I need the lines below from the one with "Beige Designer Wedding" down to the one with "#159-DARK BLUE TOPAZ" reproduced exactly, both ends included, and nothing else.

Extracted material.
────────────────────

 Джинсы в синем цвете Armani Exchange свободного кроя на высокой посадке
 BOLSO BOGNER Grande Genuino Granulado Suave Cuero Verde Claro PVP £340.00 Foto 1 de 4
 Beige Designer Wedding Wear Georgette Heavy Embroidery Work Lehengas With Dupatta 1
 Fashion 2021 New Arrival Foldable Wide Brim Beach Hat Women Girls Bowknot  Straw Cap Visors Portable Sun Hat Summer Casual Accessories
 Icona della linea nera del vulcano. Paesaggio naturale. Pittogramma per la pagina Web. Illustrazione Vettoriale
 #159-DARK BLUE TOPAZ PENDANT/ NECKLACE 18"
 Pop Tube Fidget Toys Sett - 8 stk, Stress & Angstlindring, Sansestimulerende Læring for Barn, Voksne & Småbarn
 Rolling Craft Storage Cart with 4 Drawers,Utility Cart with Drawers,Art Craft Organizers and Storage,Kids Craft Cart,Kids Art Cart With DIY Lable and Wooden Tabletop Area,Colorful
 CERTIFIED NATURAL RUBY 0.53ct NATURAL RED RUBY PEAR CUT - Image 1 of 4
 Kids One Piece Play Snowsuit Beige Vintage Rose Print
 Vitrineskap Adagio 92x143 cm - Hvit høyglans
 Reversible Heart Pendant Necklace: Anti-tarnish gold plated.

────────────────────

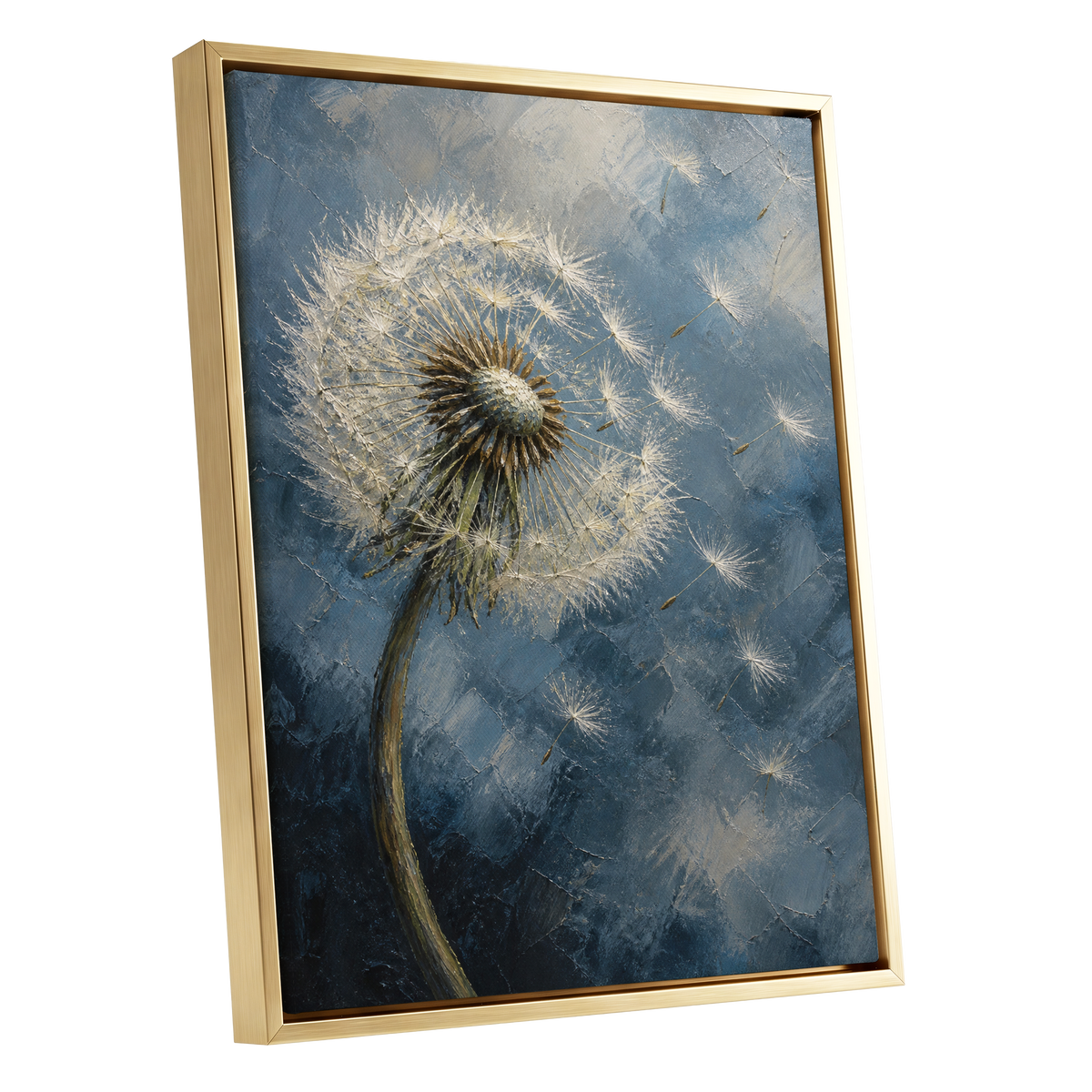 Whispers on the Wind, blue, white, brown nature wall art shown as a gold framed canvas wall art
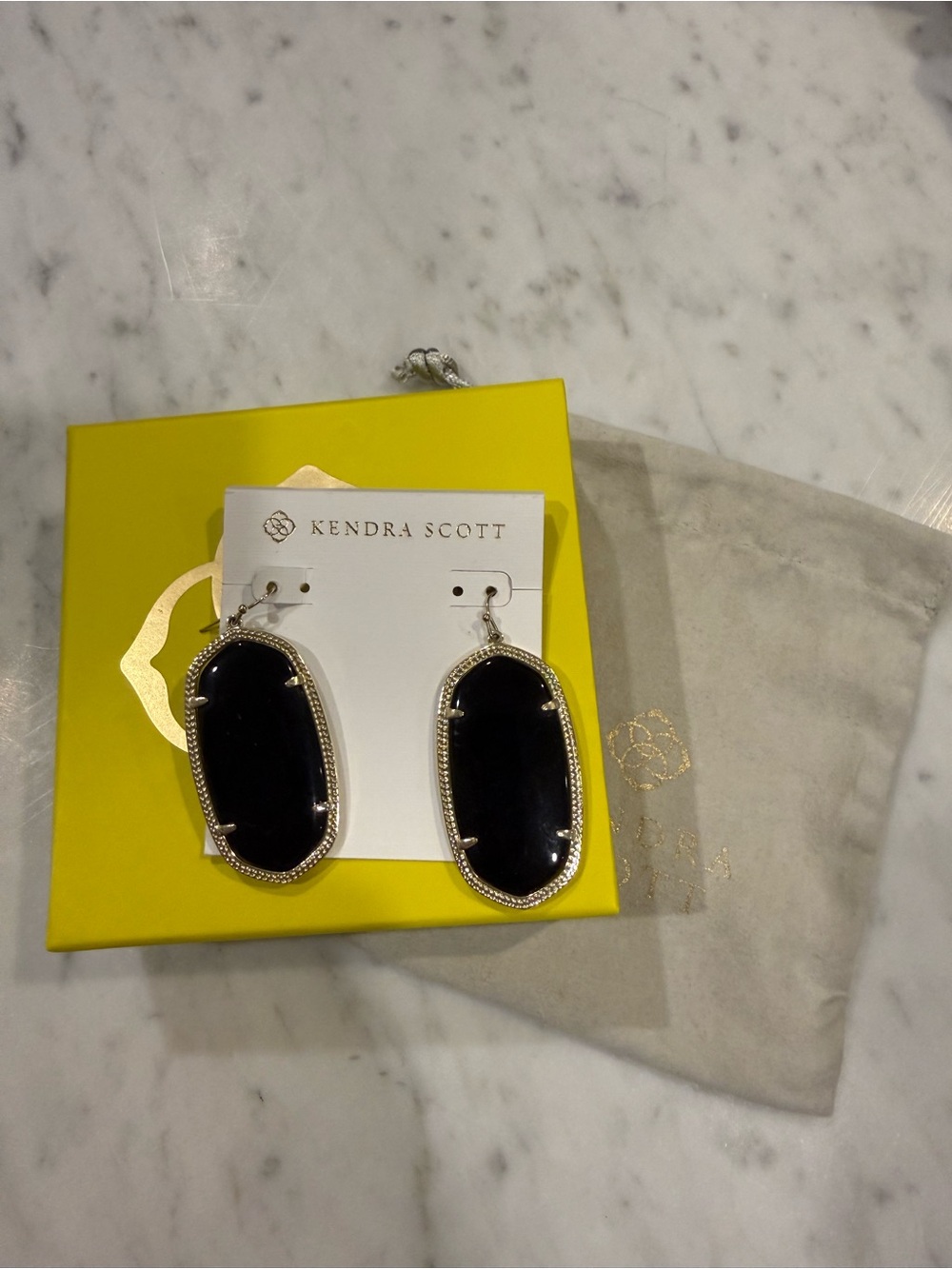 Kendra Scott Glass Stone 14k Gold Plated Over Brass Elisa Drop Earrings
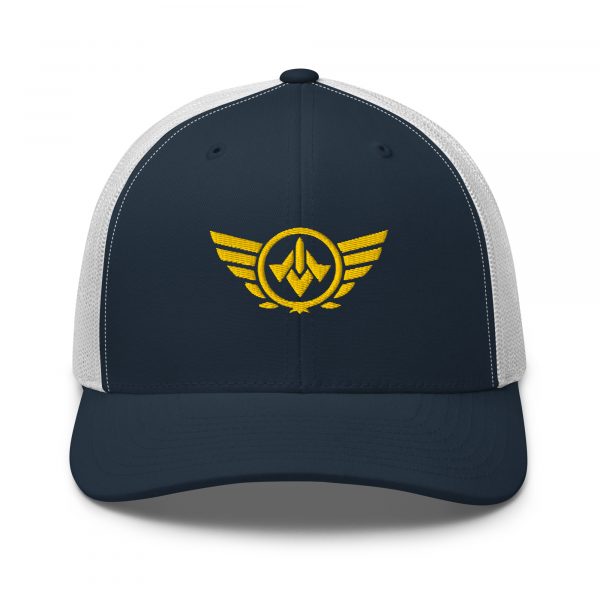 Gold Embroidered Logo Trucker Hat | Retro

────────────────────

Result of this exercise.
 Beige Designer Wedding Wear Georgette Heavy Embroidery Work Lehengas With Dupatta 1
 Fashion 2021 New Arrival Foldable Wide Brim Beach Hat Women Girls Bowknot  Straw Cap Visors Portable Sun Hat Summer Casual Accessories
 Icona della linea nera del vulcano. Paesaggio naturale. Pittogramma per la pagina Web. Illustrazione Vettoriale
 #159-DARK BLUE TOPAZ PENDANT/ NECKLACE 18"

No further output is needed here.